THE DATA
"""

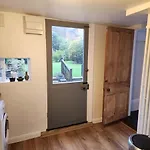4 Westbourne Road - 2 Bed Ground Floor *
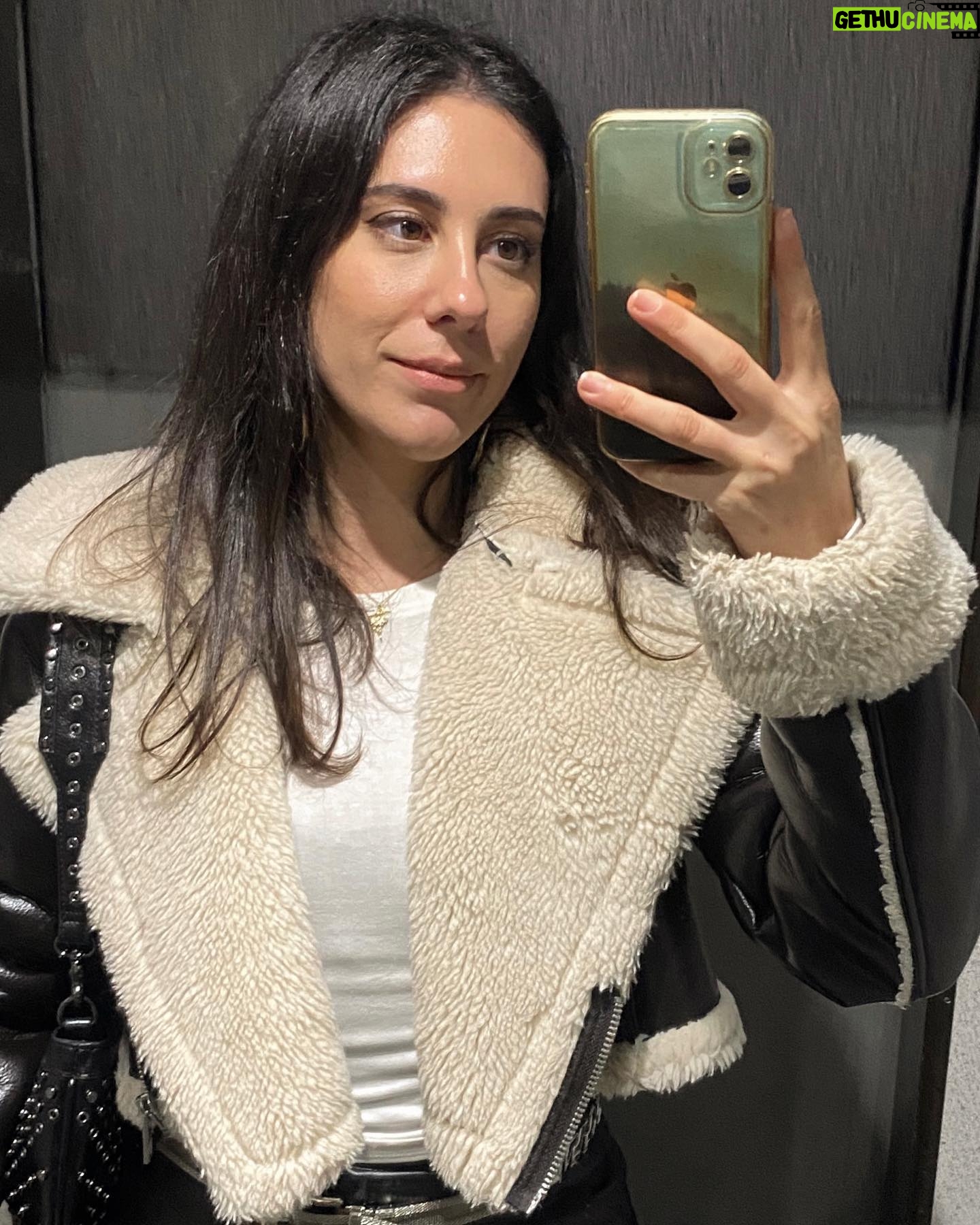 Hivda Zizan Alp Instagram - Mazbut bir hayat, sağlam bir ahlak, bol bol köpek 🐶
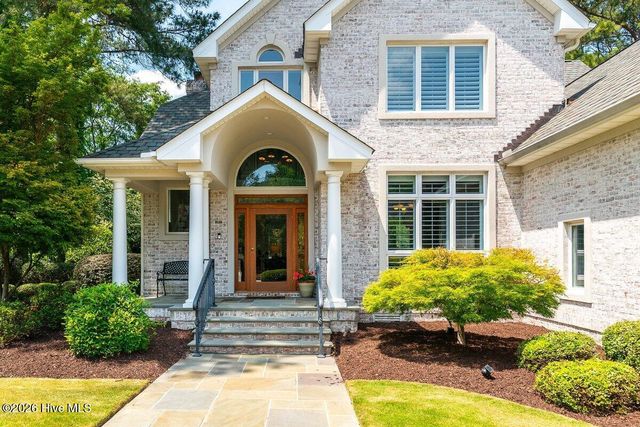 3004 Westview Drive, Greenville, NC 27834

"""

ABOUT THIS TASK
Take the data above and repeat it exactly, leaving each picture out.

RESPONSE TO THE TASK
4 Westbourne Road - 2 Bed Ground Floor *
 Hivda Zizan Alp Instagram - Mazbut bir hayat, sağlam bir ahlak, bol bol köpek 🐶
 3004 Westview Drive, Greenville, NC 27834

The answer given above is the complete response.